A Short Map of Machine Learning: From Algorithms to Deep Learning
"AI," "machine learning," and "deep learning" get used as if they were synonyms. They are nested, not equal — and the story of how the inner circle (deep learning) came to dominate the outer ones is also the story of why the models in our ASR series look the way they do. Here is the short map.
Three rings
Artificial intelligence is the broad goal: machines doing things that seem to require intelligence. Machine learning is the subset that gets there by learning patterns from data rather than being programmed rule by rule. Deep learning is a subset of that again — machine learning with deep neural networks. Each ring sits inside the last; most of what people now call "AI" is, specifically, the innermost ring.
The classical toolbox
Before deep learning took over, machine learning was a kit of distinct algorithms, sorted by what they need:
Supervised methods learn from labelled examples. Regression predicts numbers (linear regression for house prices) or classes (logistic regression for "spam or not"). Support vector machines draw the cleanest possible boundary between classes, and with the "kernel trick" can bend that boundary into complex shapes. Neural networks round out the supervised set. Unsupervised methods work without labels: clustering (K-means) groups similar points; dimensionality reduction (PCA) squeezes many features into a few while keeping most of the information. There are in-between cases too — recommendation systems and collaborative filtering being the famous one.
What a neural network actually is
The idea is older than the hype and simpler than it sounds. A neuron takes several inputs, multiplies each by a weight, adds a bias, sums them, and passes the result through a non-linear "activation" function. That's it. Wire many neurons together — each one's output feeding the next layer — and you have a network. Make it deep (two hidden layers at a minimum, often hundreds) and, trained by gradient descent, it can learn astonishingly intricate functions. The neurons stay trivial; the power is in their number and their connections.
The twist: neural nets lost, then won
Here is the part that rhymes with every other evolution story on this blog.
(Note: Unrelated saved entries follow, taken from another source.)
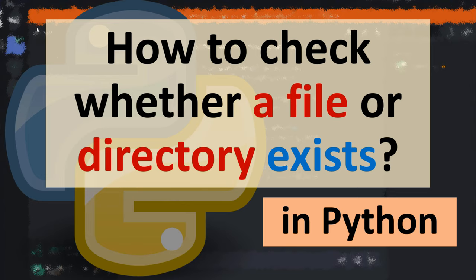Hi everyone. In this tutorial I'm going to be showing you how to check whether a file or directory exists by using Python language.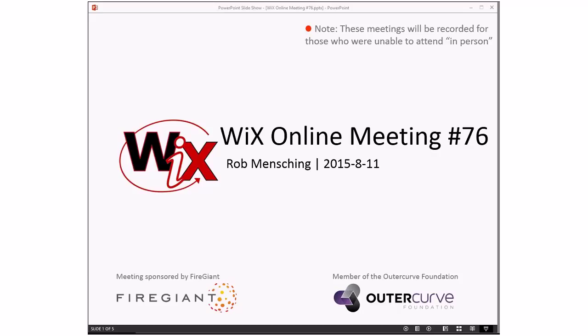Good afternoon, good evening, good morning. This is the WIX online meeting number 76, getting to the middle of August. As always, these meetings are recorded for those people that aren't able to be here right now with us.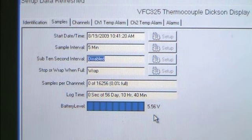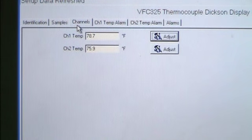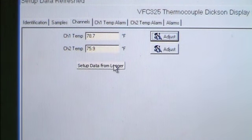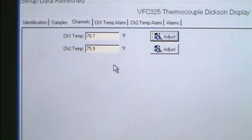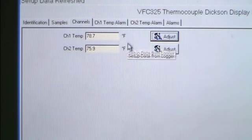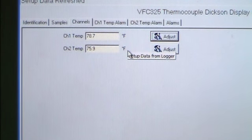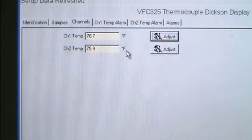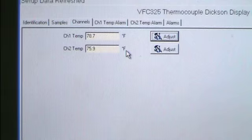Choose the Channels tab. Each vaccine data logger has two channels. For the VFC325, Channel 1 is the Freezer Temperature and Channel 2 is the Refrigerator Temperature. For the VFC320, Channel 1 is the External Probe and Channel 2 is the Ambient Temperature where the logger is placed.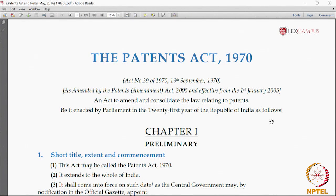How do we navigate the Patents Act and the Patents Rules? The Patents Act and the Patents Rules are pieces of legislation which are normally meant for a person who is specialized in law — either a lawyer, a person pursuing a career in law, or a law student — and it becomes easy for them to understand the scheme of the act.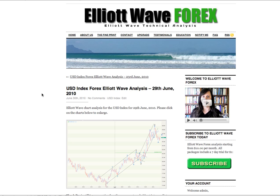Hi, this is Lara at Elliott Wave Forex with your US dollar index Elliott Wave analysis for the New York trading session dated Tuesday 29th of June.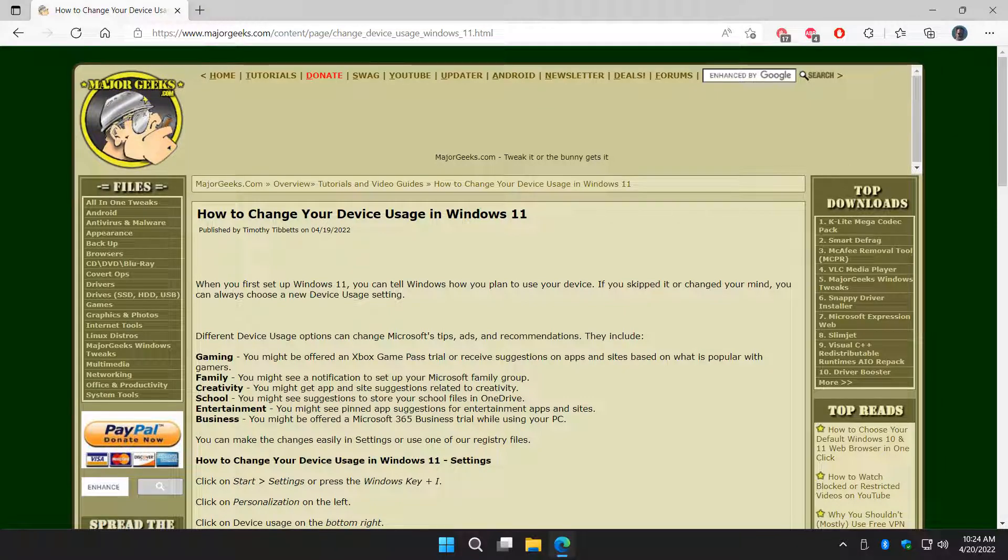Hey there Geeks, Tim with MajorGeeks.com. Today we're going to show you how to change your device usage in Windows 11.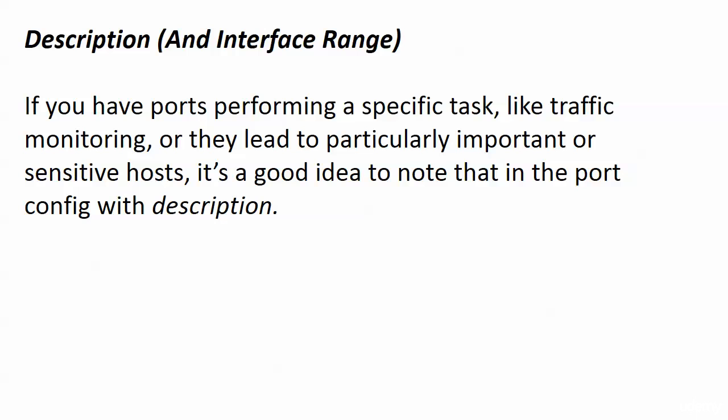A quick and important lab here on the description and interface range commands. Description is certainly not required. You don't have to put it on every port, but it's a good idea to use it occasionally.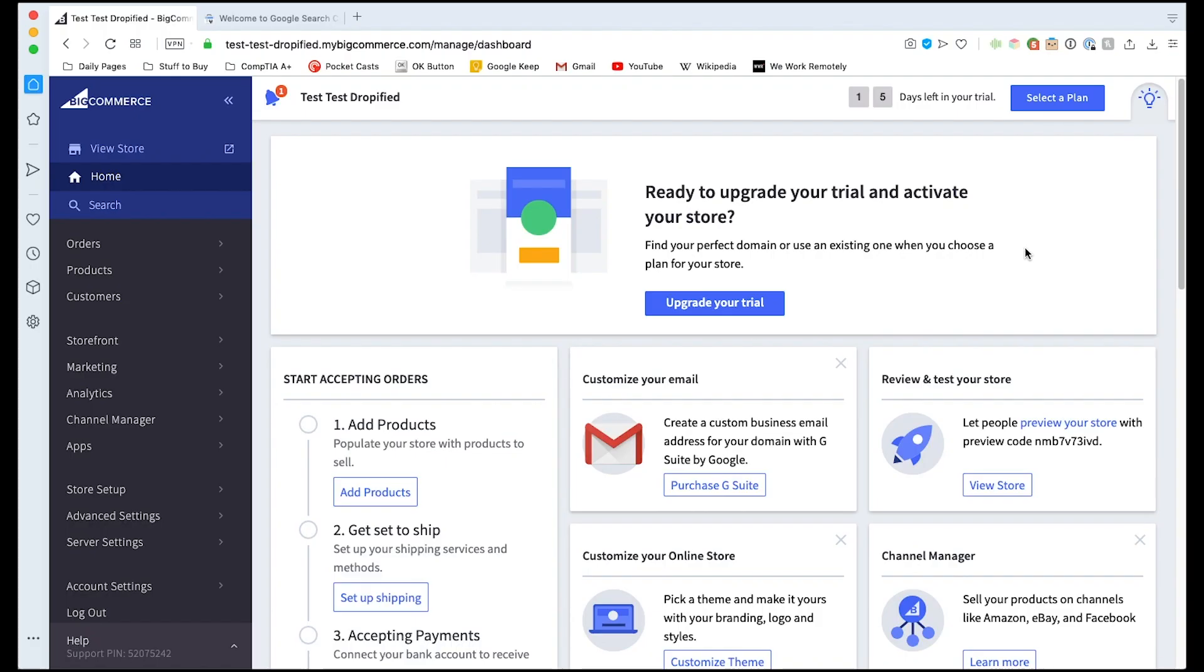Hey everyone and welcome back to another Dropified video training tutorial. In this video I'm going to show you how you can submit your BigCommerce store sitemap to Google so that Google will take your website, scrape it of all the information, the keywords, the categories, all the products you have, and help you rank better in search results.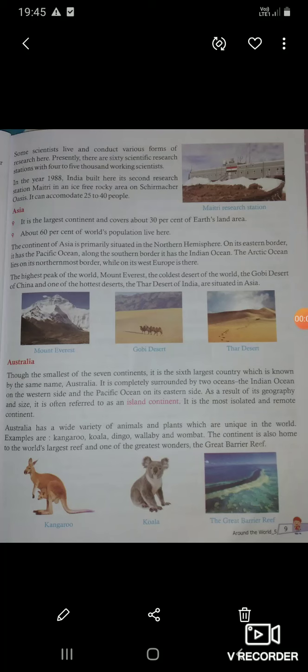Good morning children, welcome to class 5th. How are you children? I hope all are fine. In previous topic, we read the Africa and Antarctica continents. Today I will teach you about the Asia continent, Australia continent and Europe continent.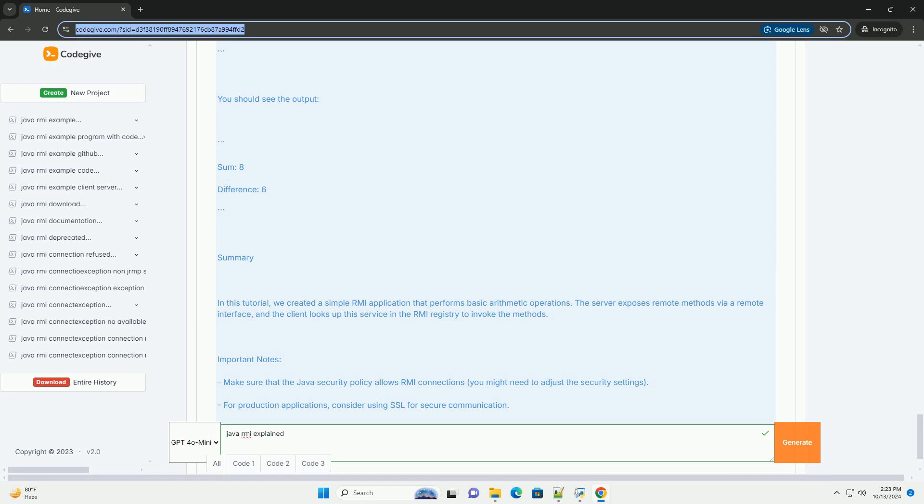Step 3: create the server. Step 4: create the client.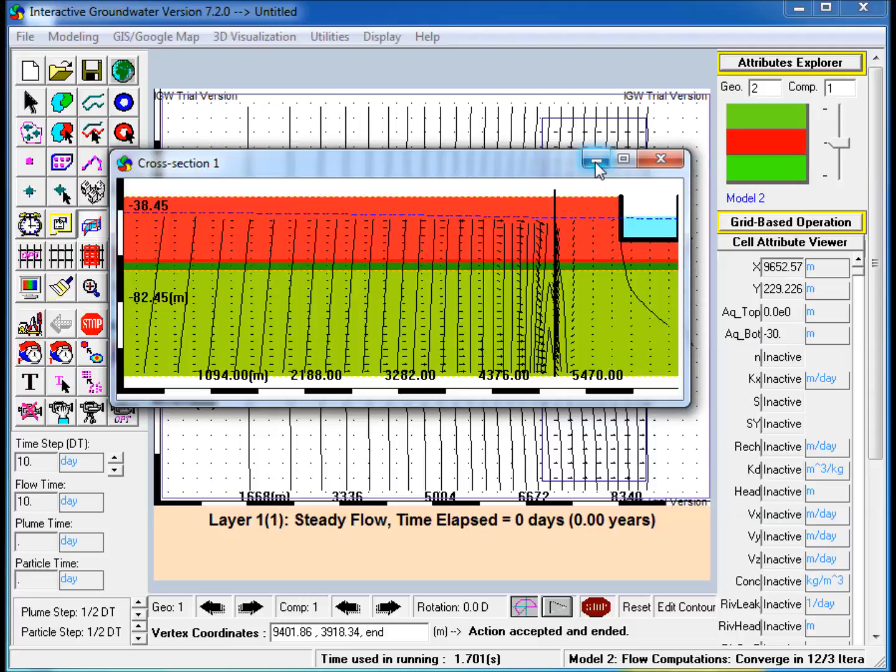This video demonstrates the use of IGW to create a three-dimensional groundwater model with multiple layers. First, a two-dimensional model is created, which is then converted to a three-dimensional model by adding layers and additional features in an interactive manner.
Neural networks were the exciting idea of the 1980s — backpropagation, Geoffrey Hinton, early speech and vision wins — then they faded. Through the 1990s and 2000s, support vector machines largely displaced them: better theory, cleaner math, strong results without needing mountains of data or compute. Then, around 2012, the balance tipped back. Enough data and enough GPU power finally let deep networks outperform everything else, and "deep learning" became the name of the comeback. The algorithm was not new; the conditions were.
Why the map still matters
That resurgence is the hinge the rest of the story turns on. The deep networks that won in 2012 are the direct ancestors of the Transformers behind modern speech recognition, and the same forces — more data, more compute, better training — are what eventually shrank those models enough to run on your own machine. Knowing where deep learning sits on the map is knowing why the last fifteen years of AI went the way they did.
Written originally as part of a 2017 machine-learning primer, when the deep-learning resurgence was still fresh. Part of our ML foundations notes.